The repressive influence of the Catholic Church provides the kind of authority that just invites rebellion and resistance. So the two most defining features of giallo — sex and violence — are intertwined in complex ways with Italy’s cultural core.
Giallo also turns to France to draw on the Grand Guignol style of theater for a healthy dose of lurid violence and disturbing themes. You will also notice the influence of Edgar Allen Poe, Gothic horror and Alfred Hitchcock in creating an atmosphere of dread and psychological horror.
Mario Bava’s "The Girl Who Knew Too Much" (1963) is considered the first giallo although it is in black and white, and lacks both the excessive violence and heightened sexuality that would quickly come to define it.
But Bava’s follow up film, "Blood and Black Lace" (1964), epitomized the genre at its best. Fittingly set in the fashion world where beautiful victims are plentiful, "Blood and Black Lace" served up all the elements we have come to expect from a giallo: a high body count, grisly murders, an audacious color palette and a killer hidden beneath a hat, trench coat, mask and of course, black gloves.
Appreciating giallo is important in understanding the evolution of genre cinema, and its roots reflect filmmakers dealing with social changes and upheavals through their art. It is easy to dismiss giallo as mere exploitation or as lurid and misogynistic if you only look at it in passing or on the surface. But giallo represents a challenge and a provocation to repressive social norms and to cinematic expectations. It deliberately and slyly pushed people’s buttons with its explicit violence, fetishistic sexuality, pulsing scores and over-the-top style. It turned exploitation in art and seduced us with the beauty of horror.

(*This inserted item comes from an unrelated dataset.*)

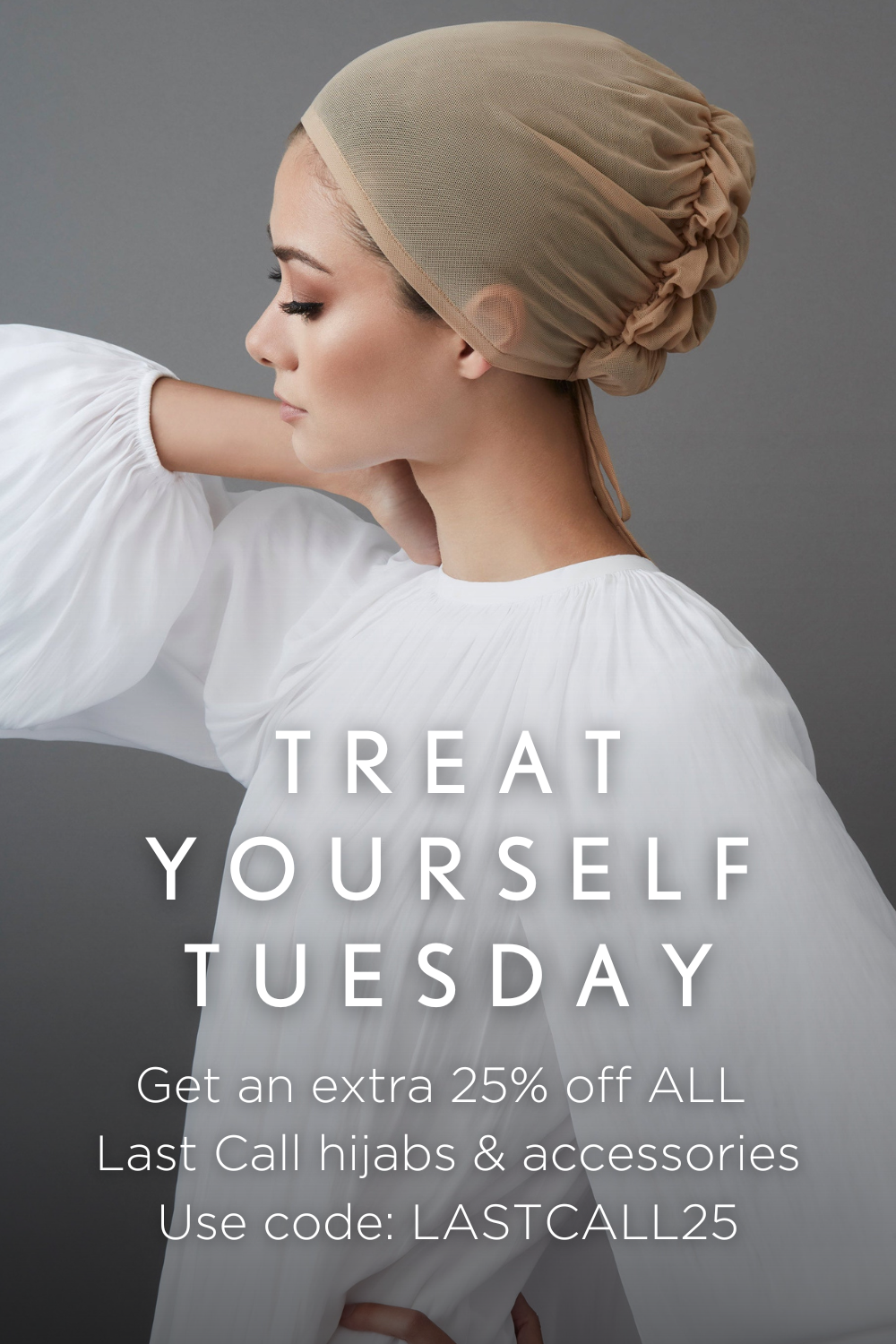 Additional 25% off Last Call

So if you see only one film at Horrible Imaginings, see this glorious restored print of Bava’s “Blood and Black Lace,” the colors burst off the screen and the images will simply seduce you.
You can buy a special Retro Fest Pass for just "Blood and Black Lace" and "Martin," which screen back-to-back starting at 7:50 p.m., Sunday. Full festival passes are also available for $75 or VIP full festival passes for $100.